Miasto grobów. Uwertura
- Author: Wit Szostak
- Language: Polish
- Genre: science fiction short story
- Publisher: Runa Publishing House [pl]
- Publication date: 2007
- Publication place: Poland

= Miasto grobów. Uwertura =

Science fiction short story by Wit Szostak

Miasto grobów. Uwertura (City of Graves. Overture) is a science fiction short story by Wit Szostak published in 2007 in the second volume of the anthology Księga strachu (The Book of Fear) by the Runa Publishing House. The story is classified under the genres of alternate history, urban fantasy, and horror.

== Plot ==
The story depicts events in an alternate history where, following the fall of communism in Poland, the country becomes a monarchy. The narrator is the secretary to the Polish king.

== Reception ==
In 2008, the story was awarded the Janusz A. Zajdel Award for the previous year. Szostak put the statuette he won for the story up for auction in 2013.

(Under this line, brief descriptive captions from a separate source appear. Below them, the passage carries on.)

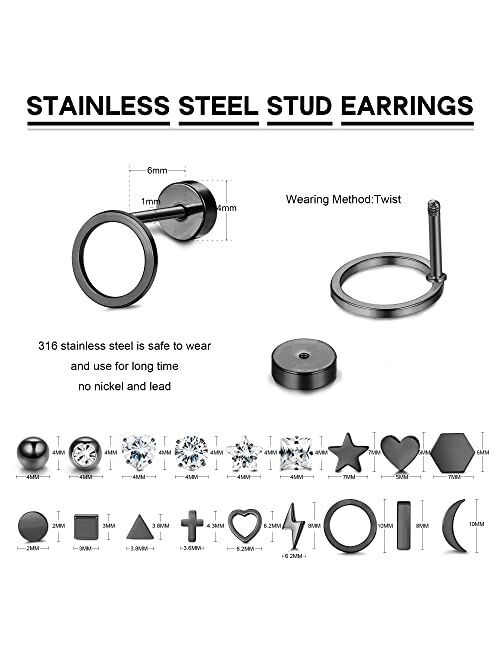 Drperfect 18 Pairs 18G Stainless Steel Tiny Stud Earrings for Women Men CZ Cartilage Helix Ear Piercing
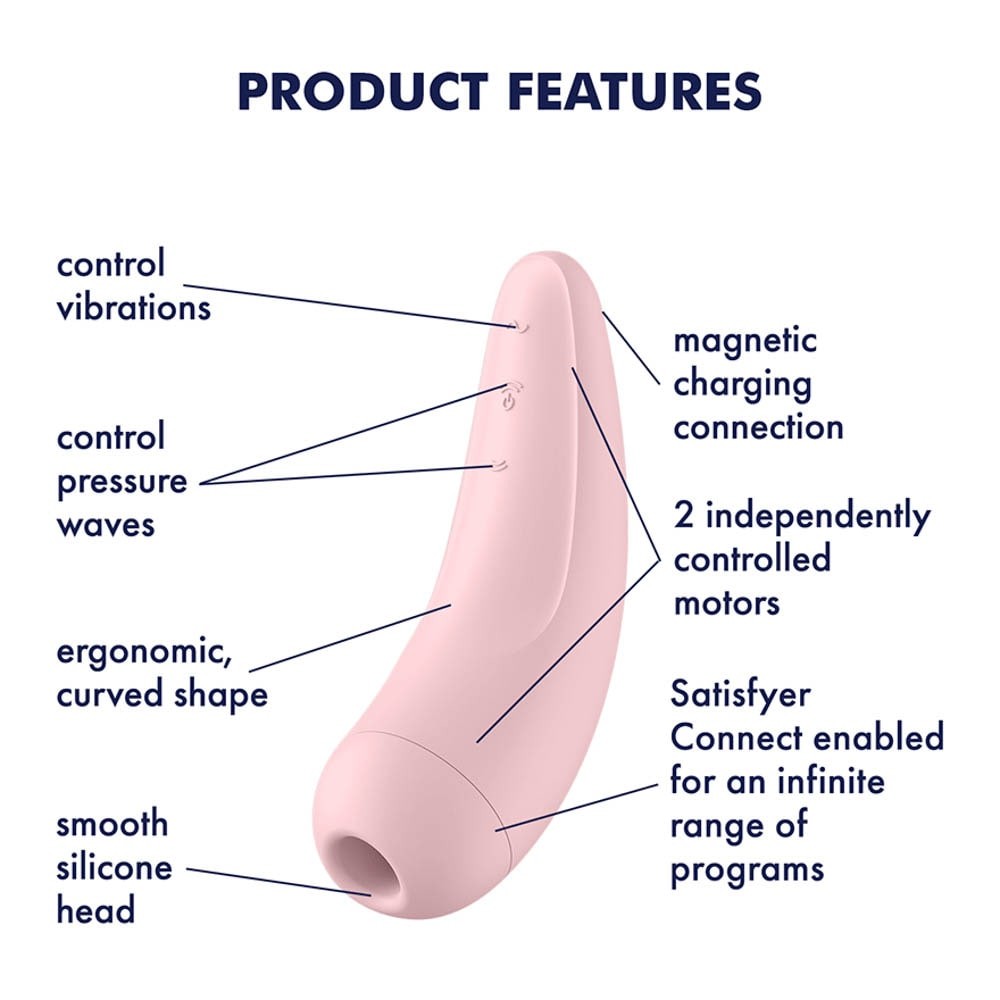 Curvy - Stimulator clitoris, roz, 13.4 cm - detaliu 5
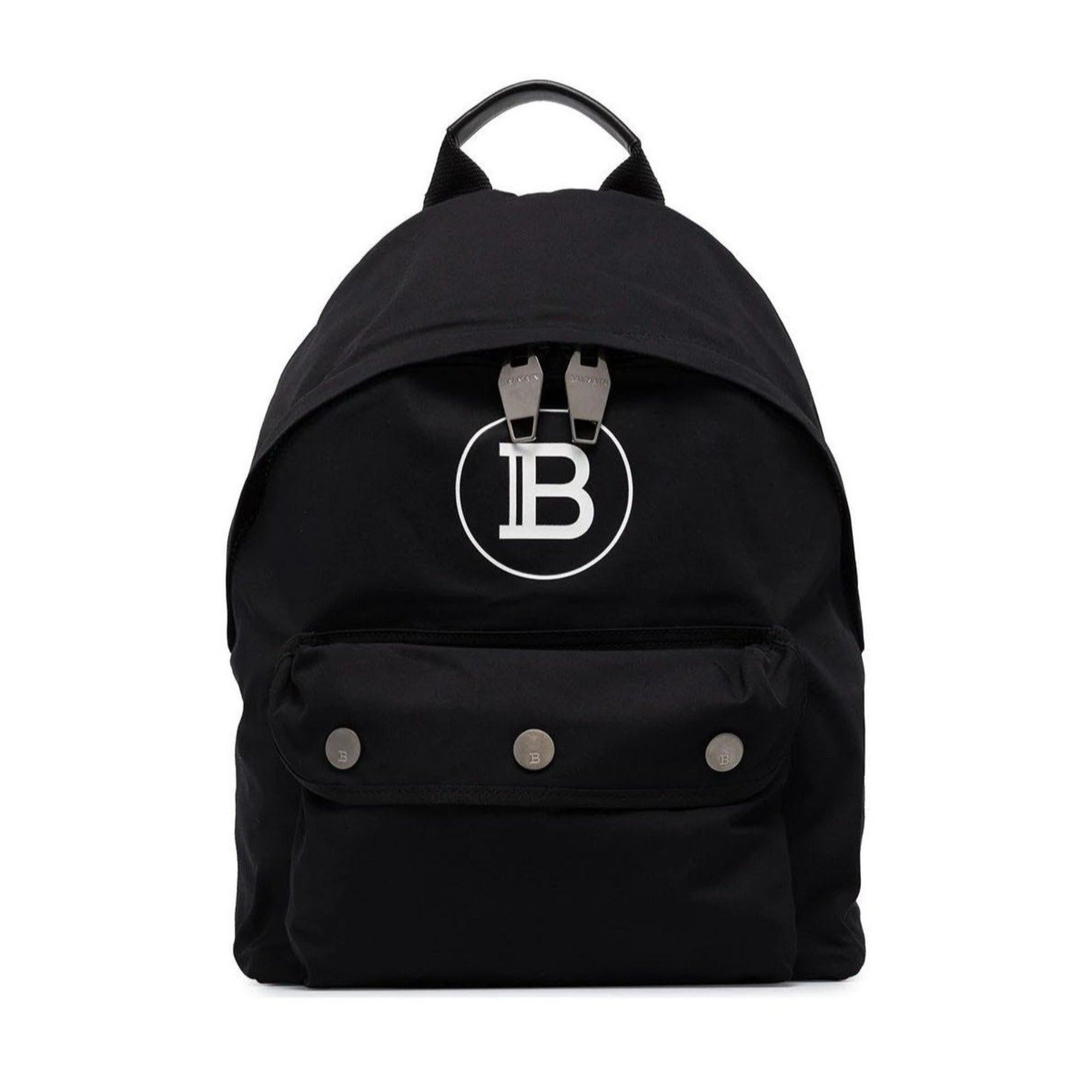 Balmain B-Back Black Nylon White Logo Backpack available at Queen Bee of Beverly Hills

In a review of the anthology on the Katedra portal, Tymoteusz Wronka considered this story to be the best in the collection (the anthology Księga strachu). On the same portal, Adam Ł. Rotter praised the story for its intriguing ideas, especially the "universal ... theme of the national funeral", but criticized it for excessive use of special effects and a "trite, mediocre ending". Conversely, in a review of the anthology on the Paradoks portal, Agnieszka Krzyżewska rated the story as one of the best in the collection, calling it "another excellent story with an interesting idea".

In 2009, the story was ranked 18th on the list of 100 Best Polish Fantastic Short Stories in the zine Esensja. The reviewer praised the story for its original format (a recording of fictional, unedited mp3 files), its avoidance of ideological disputes, and described it as "wise, beautiful, and moving". The previous year, in the same zine, Konrad Wągrowski wrote in his review of the anthology that the story was "charming", seemed like a prelude to something greater, and was "one of the most evocative texts in the entire collection, original and memorable".

== Analysis ==
In the zine Esensja, the story is described as "a personal tale of an exceptional and isolated individual due to their uniqueness, avoiding clichés about alienation, combined with imaginative, urban fantasy tinged with horror. It also delves into reflections on Polishness and Polish (and human) mentality, as well as the author's fascination with music and architecture".

Some reviewers suggest that the theme of the national funeral in the story was inspired by the funeral of John Paul II in 2005.